1-Blue-Collar Tents

Jun 05, 2005 22:54

Blue-collar tents
"It is not too late"
he confided to his comrades,
despair in their eyes as they fingered
dark blue ropebruises abbraced
about thin and unmeasured necks.

One, a soft-spoken scapegoat for the bosses' son
mourns:
"I am lost. My bones and my teeth are lost;
I've been in this longer than some of you kids were in school.
Every time I see him, anger wells up in me,
and I taste hateful bile in my throat.
I've given him 17 years of my life,
spent that time alone, cause I work all the time.
I'm 36, I've spent almost half my life here,
it's all I know how to do.
17 years, and where am I?
Making 6.50 an hour and time and a half on overtime,
little more than you kids.
That cur of a son of his,
every time he opens his mouth,
demeaning my work, docking my pay for mistakes,
laughing and dismantling my manhood.
You may all look forward to this,
for every time I see him,
my mind is at home with tne sheep -
shorn, eyes frozen terror like mice petrified
amidst the confident, calculating gaze of a serpent:
the farmer's son standing on the threshold,
arms spread out, the figure is looming hypnotic,
cold wild eyes smelling out the fear,
hearts run wreckless, pulses at a frenzied sprint,
legs frozen;
a hand on the belt, a step over the threshold,
and it is settled.
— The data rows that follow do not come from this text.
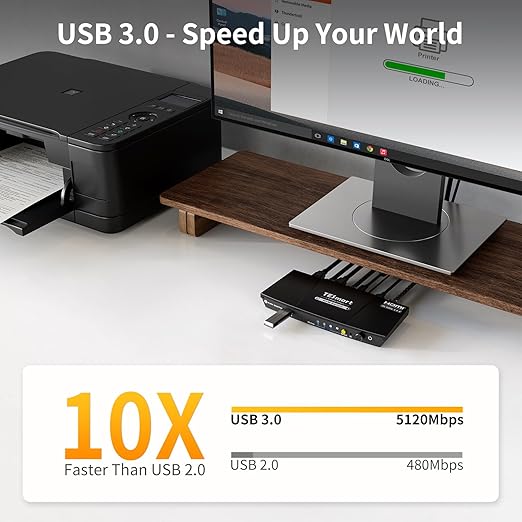 TESmart USB 3.0 HDMI KVM Switch 1 Monitor 2 Computers 4K@60Hz, L/R Audio & Microphone, 2 Port EDID Emulators, Hotkey Switching, Button Switching with Remote Switch and All Input Cables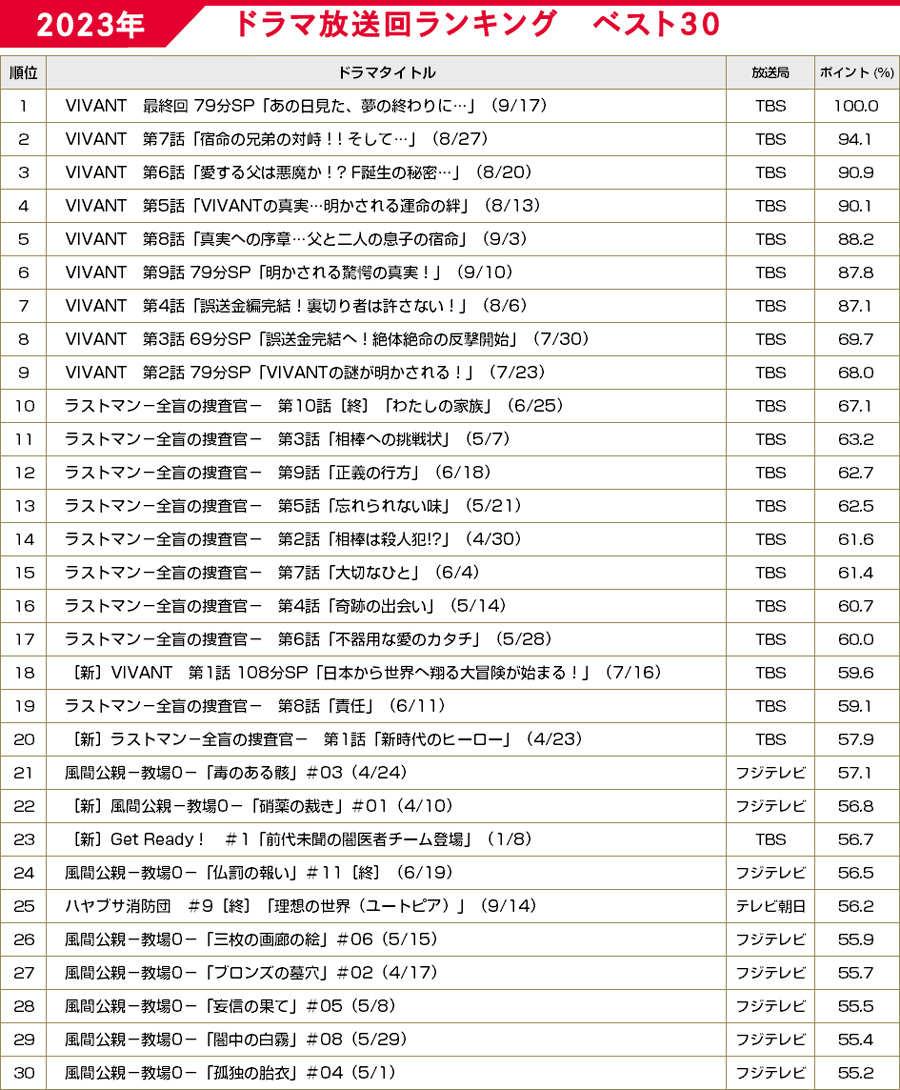2026年新ドラマランキング徹底比較！視聴率と本音評価で選ぶ必見作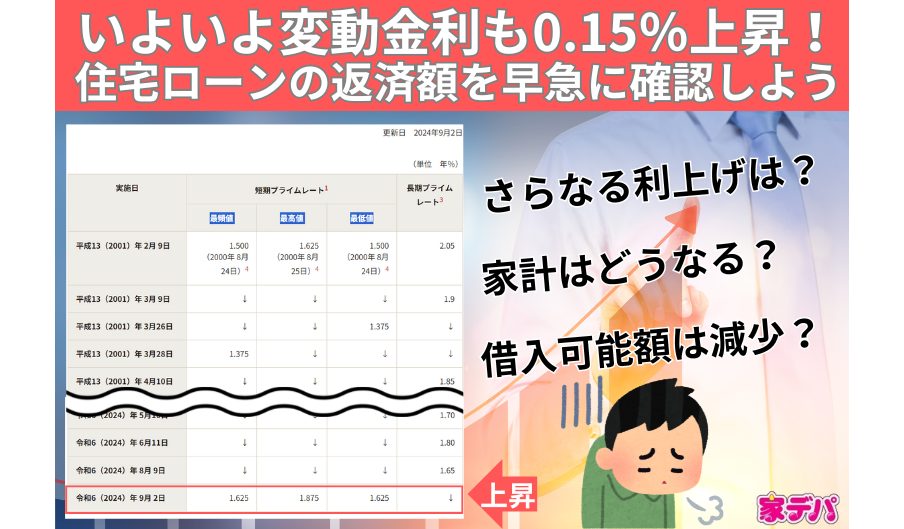 いよいよ変動金利も0.15％上昇！住宅ローンの返済額を早急に確認しよう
Someone is going to get fucked."

And with heads nodding, and words
hurling themselves against glass eyes,
one youth, with shaven head and a lazy gut
gazing at his future in the air,
hearing funny silence with an echo in his ear,
"I lay here hiding from my life
in the tall grass, in the shade of a birch, in a field
some 500 miles from where my wife is bearing my child
I lay here hiding from my life;
you know, she's not really my wife, no...not yet,
but she will be, you know
I can be good, get the bread, give her everything
she's never had, as she now gives me child
some 500 miles away, where I cannot be right now,
and I'm realizing that now, as the whole ponderous weight,
alla' that god-damned responsibility chains me to the ground...
I've become an adult, but i'm still not a man,
since as you can see, me -- here...
some 500 miles away from where my wife moans in pain
with my daughter, without me, because as you can see
I don't have the cock and balls necessary
to say, "no sir, you know I can't come to work tomorrow.
Because I think it's going to be the most important day of my life."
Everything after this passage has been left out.